IoT sees significant investment, despite economic uncertainty
Latest research from Gartner reveals that nearly half of organisations (47%) will increase investments in internet of things (IoT) technologies, despite the impact of COVID-19 on revenue and budgets.
Following the COVID-19 lockdowns, the survey found that 35% of organisations reduced their investments in IoT, however, a larger number of organisations are planning to invest more in IoT implementations to reduce costs.
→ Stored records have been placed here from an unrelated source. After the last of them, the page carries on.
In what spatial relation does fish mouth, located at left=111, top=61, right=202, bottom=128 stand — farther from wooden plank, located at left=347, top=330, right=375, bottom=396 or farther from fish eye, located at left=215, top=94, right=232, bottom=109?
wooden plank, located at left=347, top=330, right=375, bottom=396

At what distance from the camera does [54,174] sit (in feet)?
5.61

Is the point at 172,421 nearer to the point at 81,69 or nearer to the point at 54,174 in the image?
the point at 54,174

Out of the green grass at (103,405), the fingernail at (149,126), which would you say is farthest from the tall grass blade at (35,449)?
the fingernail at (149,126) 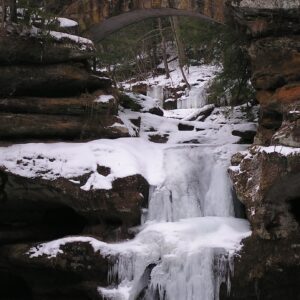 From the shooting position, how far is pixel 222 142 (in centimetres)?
1098

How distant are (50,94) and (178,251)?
4.72 meters

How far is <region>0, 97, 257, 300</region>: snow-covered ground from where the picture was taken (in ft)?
25.4

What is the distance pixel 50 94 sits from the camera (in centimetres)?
1077

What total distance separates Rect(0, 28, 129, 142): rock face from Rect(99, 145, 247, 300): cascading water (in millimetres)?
2313

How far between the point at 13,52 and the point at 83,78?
1477 mm

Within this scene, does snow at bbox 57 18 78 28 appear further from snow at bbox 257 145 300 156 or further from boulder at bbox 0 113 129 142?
snow at bbox 257 145 300 156

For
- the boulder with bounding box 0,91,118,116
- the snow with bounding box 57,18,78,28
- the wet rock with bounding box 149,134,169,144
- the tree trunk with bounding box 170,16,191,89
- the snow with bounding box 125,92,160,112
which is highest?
the tree trunk with bounding box 170,16,191,89

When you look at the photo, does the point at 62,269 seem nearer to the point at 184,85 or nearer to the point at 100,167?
the point at 100,167

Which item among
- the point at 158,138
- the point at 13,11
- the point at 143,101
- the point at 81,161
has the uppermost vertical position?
the point at 13,11

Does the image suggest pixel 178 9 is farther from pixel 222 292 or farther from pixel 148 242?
pixel 222 292


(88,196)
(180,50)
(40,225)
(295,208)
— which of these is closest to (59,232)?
(40,225)

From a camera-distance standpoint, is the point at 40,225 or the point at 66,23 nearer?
Result: the point at 40,225

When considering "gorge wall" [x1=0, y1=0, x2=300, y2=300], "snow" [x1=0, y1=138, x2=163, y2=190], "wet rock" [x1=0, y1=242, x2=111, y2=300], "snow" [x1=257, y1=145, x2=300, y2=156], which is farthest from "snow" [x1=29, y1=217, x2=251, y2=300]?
"snow" [x1=257, y1=145, x2=300, y2=156]

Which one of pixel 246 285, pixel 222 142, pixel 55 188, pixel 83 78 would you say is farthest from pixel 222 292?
pixel 83 78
According to Gartner, one reason behind the increase is that while companies have a limited history with IoT, IoT implementers produce a predictable ROI within a specified timeframe.
Gartner research vice president Benoit Lheureux says, “They use key performance indicators (KPIs) to track their business outcomes and for most of them they also specify a time frame for financial payback of their IoT investments, which is on the average three years.”
In addition, as IoT investments are relatively new, most companies have plenty of 'low hanging fruit' cost-saving opportunities to pursue.
This can include predictive-maintenance on commercial and industrial assets such as elevators or turbines, and optimisation of processes such as increasing manufacturing yield, Gartner states.
As a result of COVID-19, 31% of survey respondents said that they use digital twins to improve their employee or customer safety, such as the use of remote asset monitoring to reduce the frequency of in-person monitoring, for instance with hospital patients and mining operations.
Furthermore, the survey showed that 27% of companies plan to use digital twins as autonomous equipment, robots or vehicles.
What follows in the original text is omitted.